Does my question have anything to do with the possibility of a mapping of computable numbers to definable numbers?
Because if there were such a mapping, it would mean that they would be of equal 'size', or cardinality.
Is almost every definable number uncomputable?
 A: First of all, there's a crucial vagueness here: what does "definable" mean? For example, in a precise sense it is consistent with $\mathsf{ZFC}$ that every real number is definable, the saving grace being that the relevant sense of "definable" is (per Tarski) too powerful to be subject to the obvious counting argument.
But as interesting as it is, this isn't really the core problem with your question. Let's fix some "reasonably rich" notion of definability; for example, the following will (I suspect) satisfy all the basic requirements one might have:

Say that a real number $r$ is definable iff it is first-order definable without parameters in the structure $\mathcal{A}:=(V_{\omega_{17}};\in)$.

I'm using $\omega_{17}$ here just as some "really big" ordinal.
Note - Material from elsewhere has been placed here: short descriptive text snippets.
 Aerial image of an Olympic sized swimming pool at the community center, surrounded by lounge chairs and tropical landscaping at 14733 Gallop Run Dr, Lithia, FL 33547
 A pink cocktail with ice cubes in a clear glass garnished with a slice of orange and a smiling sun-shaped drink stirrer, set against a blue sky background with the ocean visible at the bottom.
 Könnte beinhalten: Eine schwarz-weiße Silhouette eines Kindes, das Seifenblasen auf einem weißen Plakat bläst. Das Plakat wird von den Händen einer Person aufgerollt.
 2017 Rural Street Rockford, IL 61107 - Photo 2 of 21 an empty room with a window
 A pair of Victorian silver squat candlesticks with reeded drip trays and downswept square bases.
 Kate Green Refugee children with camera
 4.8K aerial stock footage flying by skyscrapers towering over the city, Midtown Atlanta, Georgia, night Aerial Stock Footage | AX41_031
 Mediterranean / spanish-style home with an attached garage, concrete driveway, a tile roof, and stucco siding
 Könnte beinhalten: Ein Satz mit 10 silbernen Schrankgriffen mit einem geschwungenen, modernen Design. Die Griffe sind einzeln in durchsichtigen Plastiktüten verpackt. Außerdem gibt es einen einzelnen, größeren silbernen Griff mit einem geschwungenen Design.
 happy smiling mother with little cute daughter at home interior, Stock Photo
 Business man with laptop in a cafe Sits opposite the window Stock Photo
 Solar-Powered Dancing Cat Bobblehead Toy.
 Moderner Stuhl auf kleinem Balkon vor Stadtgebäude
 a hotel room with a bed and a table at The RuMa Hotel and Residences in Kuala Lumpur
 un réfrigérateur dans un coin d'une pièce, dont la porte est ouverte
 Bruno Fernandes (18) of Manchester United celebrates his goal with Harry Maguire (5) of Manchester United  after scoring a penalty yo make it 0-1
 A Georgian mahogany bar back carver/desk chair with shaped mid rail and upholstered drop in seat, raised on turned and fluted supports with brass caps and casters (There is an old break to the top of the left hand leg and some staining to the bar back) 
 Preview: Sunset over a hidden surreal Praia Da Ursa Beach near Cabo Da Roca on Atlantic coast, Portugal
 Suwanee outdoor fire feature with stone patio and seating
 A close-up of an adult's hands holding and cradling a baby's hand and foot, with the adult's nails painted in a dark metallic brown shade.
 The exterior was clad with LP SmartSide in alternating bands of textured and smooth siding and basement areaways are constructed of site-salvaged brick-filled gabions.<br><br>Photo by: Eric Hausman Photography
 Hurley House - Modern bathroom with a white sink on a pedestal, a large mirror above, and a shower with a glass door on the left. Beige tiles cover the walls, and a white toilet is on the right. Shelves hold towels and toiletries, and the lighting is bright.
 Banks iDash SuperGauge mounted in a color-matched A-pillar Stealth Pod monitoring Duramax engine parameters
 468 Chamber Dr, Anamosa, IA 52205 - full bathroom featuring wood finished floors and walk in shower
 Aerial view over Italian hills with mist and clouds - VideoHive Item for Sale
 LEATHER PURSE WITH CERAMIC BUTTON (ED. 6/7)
Feel free to go bigger or smaller as you prefer, and see this old post of mine if you're unfamiliar with the notion of definability in a structure. Note that all computable reals are indeed definable in this sense (this is basically just a tweak to Post's theorem).
Let $\mathcal{D}$ be the set of definable (in the above sense) reals and $\mathcal{C}$ be the set of computable reals. Now here's the truly serious problem:

Both $\mathcal{C}$ and $\mathcal{D}$ are countable, so the standard "coarse" tools of analysis (e.g. measure and category) are useless for measuring the size of $\mathcal{C}$ relative to $\mathcal{D}$.

To compare countable sets in a meaningful way, we usually need to turn to some kind of asymptotic analysis. For example, the following is an almost completely precise question:

Let $(\varphi_i)_{i\in\mathbb{N}}$ enumerate the formulas of set theory which define a single real number in $\mathcal{A}$. For each $n\in\mathbb{N}$, let $$p_n={\vert i: \varphi_i^\mathcal{A}\in\mathcal{C}\vert\over n}.$$ What is $\lambda:=\lim\sup_{n\rightarrow\infty}p_n$?

The "obvious" conjecture is that $\lambda=0$. But note that this is highly dependent on the way we choose to enumerate the formulas of set theory (and this explains the "almost" five sentences prior): we can in fact get any value we want for $\lambda$ by enumerating formulas in a perhaps pathological manner. So the question above only becomes precise once we fix an enumeration of formulas, and moreover it only becomes interesting once we justify a particular choice of enumeration (or a class of enumerations, and show that any enumeration from that class yields the same answer).
Admittedly, in terms of heuristics I find that it's almost always a good idea to assume that $\mathcal{C}$ is a negligible subset of $\mathcal{D}$. But this is very vague. So at present I will tentatively claim the following:

While very plausible, we currently have no good way to make precise the conjecture that "most definable numbers are not computable" (let alone prove such a precisiation).